───── MATERIALS PROVIDED

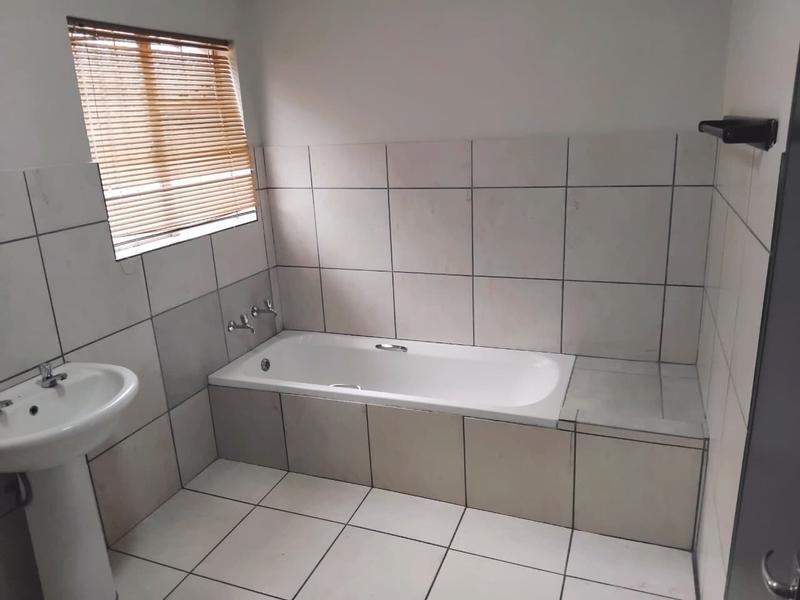 To Let 1 Bedroom Property for Rent in Die Bult North West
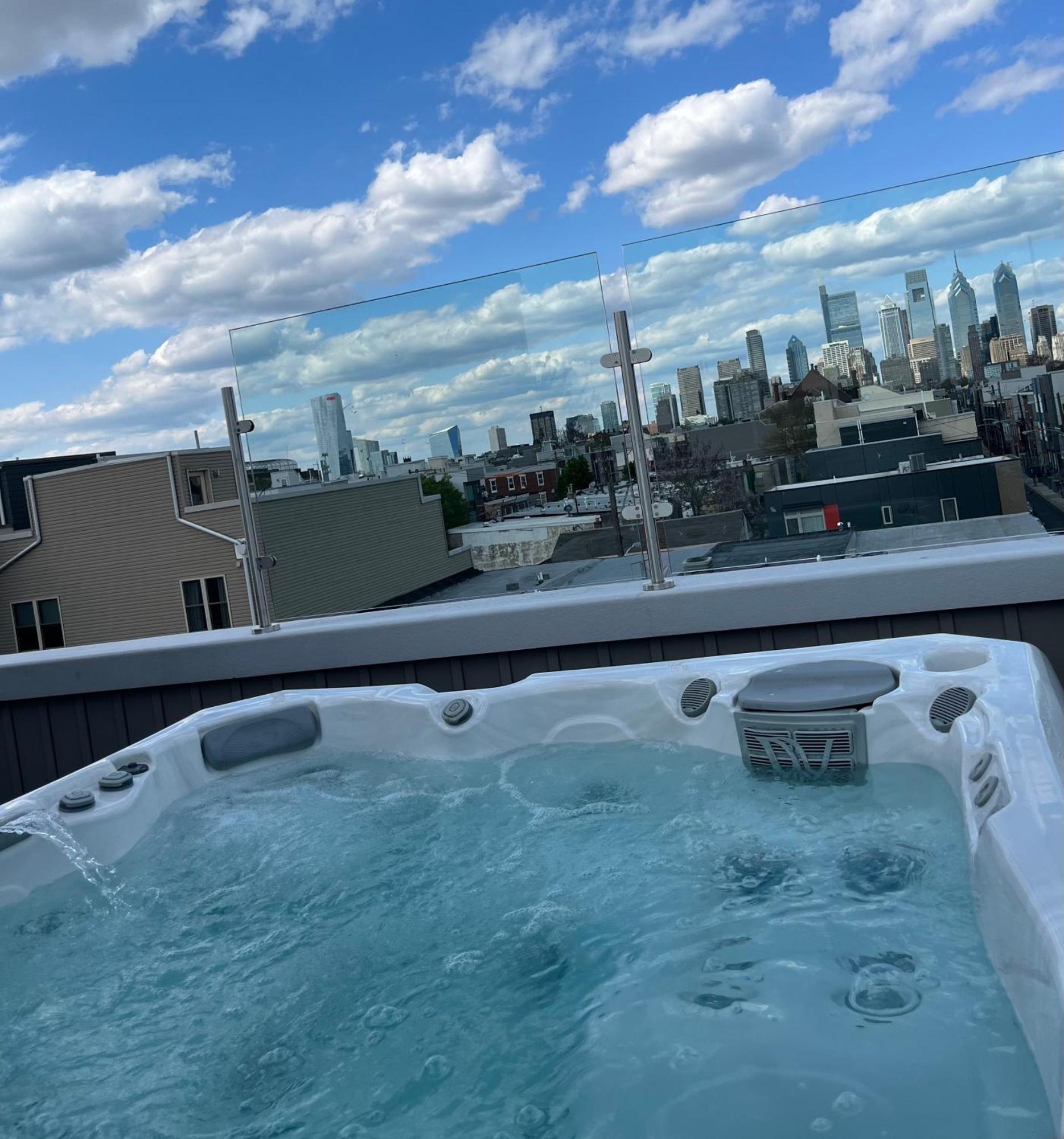 Hot Tub Four Seasons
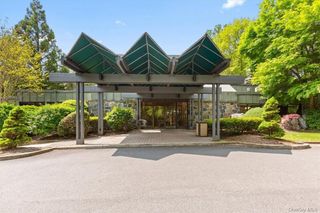 2 Fountain Lane 3W, Scarsdale, NY 10583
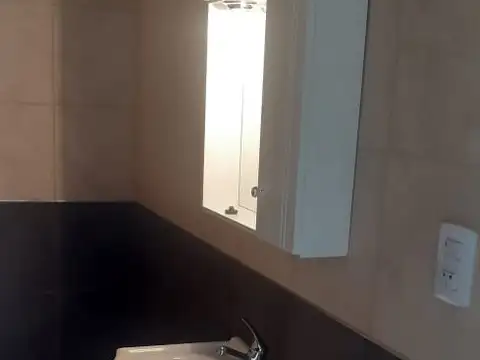 Depto Tipo Casa en Alquiler en Villa Luzuriaga, $ 500.000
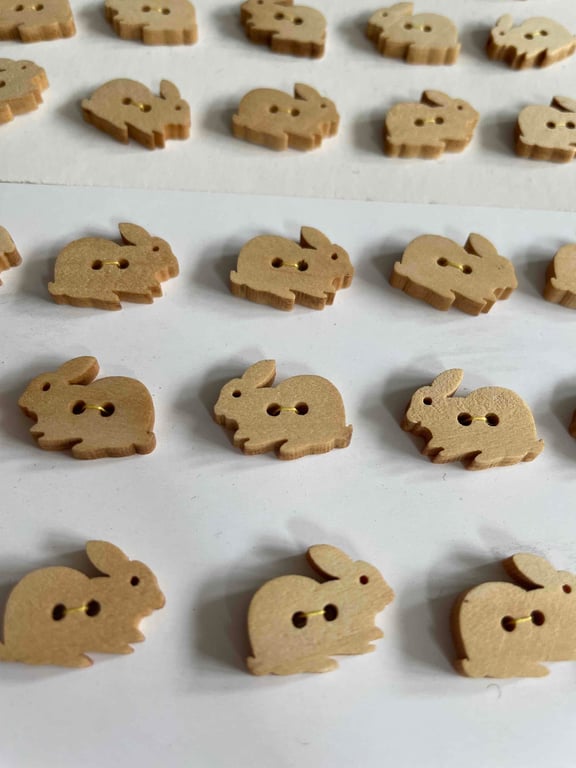15 RABBIT Buttons - wooden bunnies 17mm 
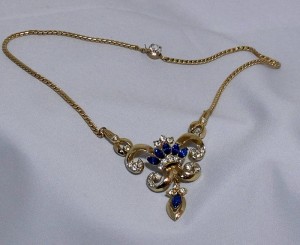 Coro vintage costume goldtone metal rhinestones blue necklace 1960s sixties 60s 60er collier ketting goudkleurig metaal blauwe heldere d.JPG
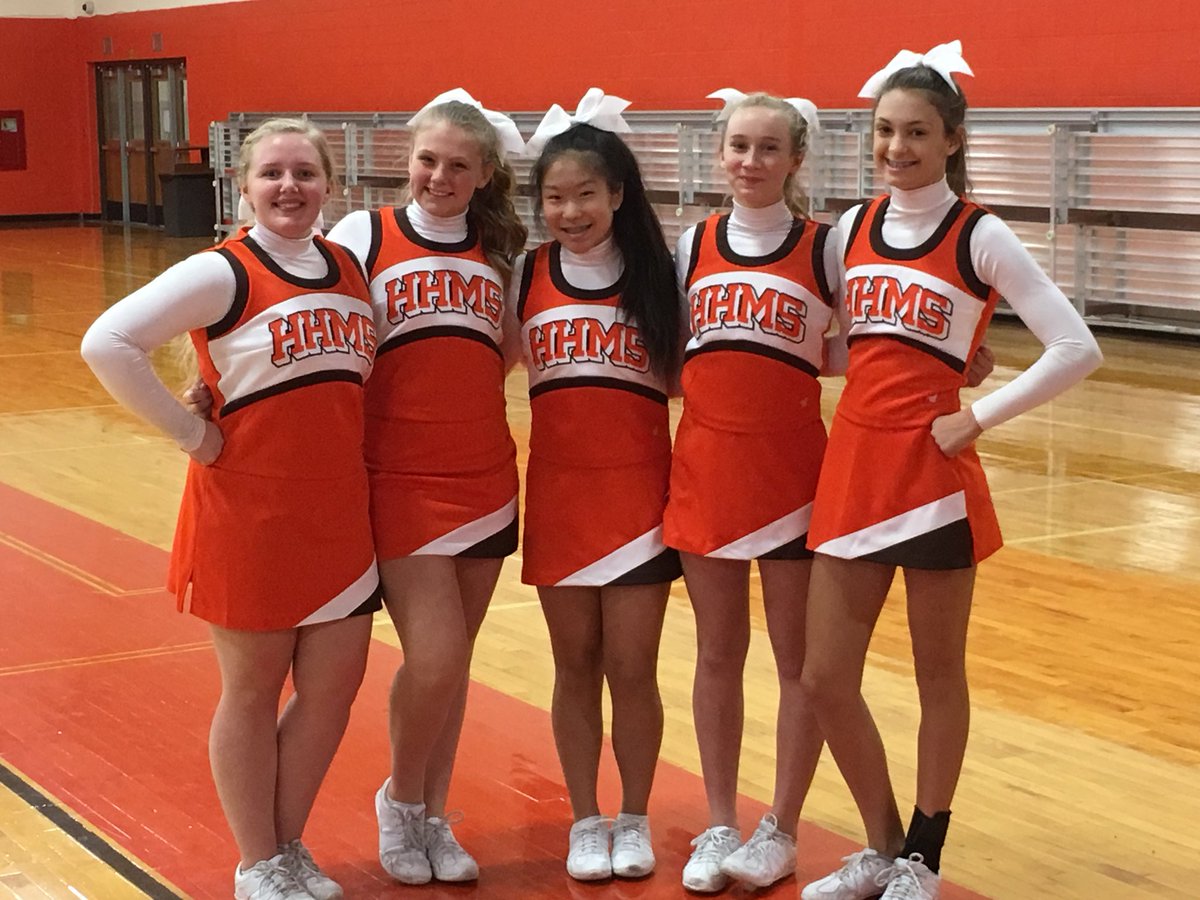 Kiger7HHMS's tweet photo. 8th grade Cheerleaders!! A great group of ladies!! #hhmspride #hhmscheer https://t.co/TlP6Kxtnfv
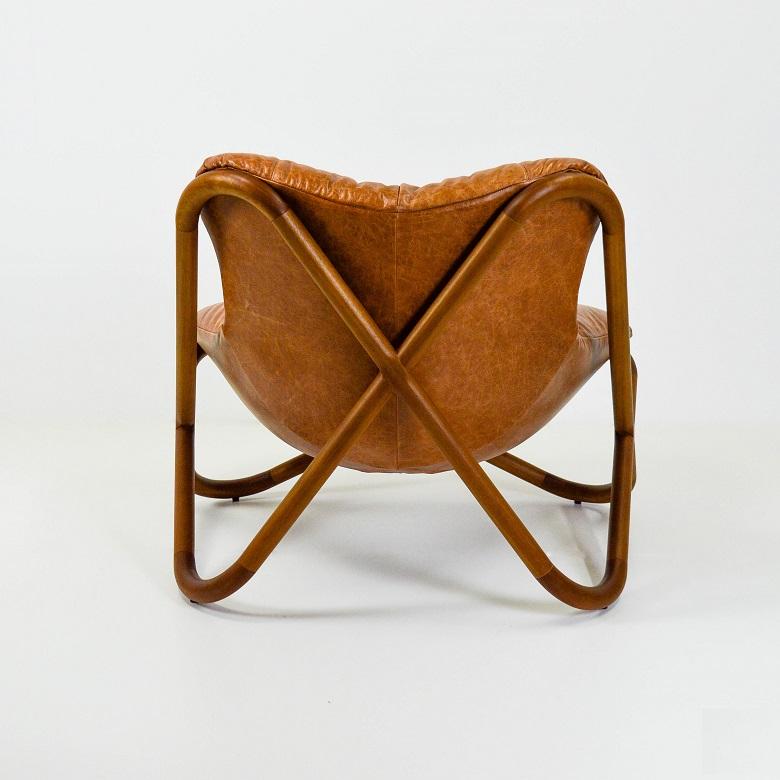 Astral Brasilianischer zeitgenössischer Sessel aus Holz und Leder von Lattoog (21. Jahrhundert und zeitgenössisch) im Angebot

──────────

— EXERCISE DETAILS —
Copy exactly, and copy only, the lines from the one bearing "Kiger7HHMS's tweet photo." through the closing line of the material, with both ends kept and pictures removed.

— OUTPUT OF THE EXERCISE —
 Kiger7HHMS's tweet photo. 8th grade Cheerleaders!! A great group of ladies!! #hhmspride #hhmscheer https://t.co/TlP6Kxtnfv
 Astral Brasilianischer zeitgenössischer Sessel aus Holz und Leder von Lattoog (21. Jahrhundert und zeitgenössisch) im Angebot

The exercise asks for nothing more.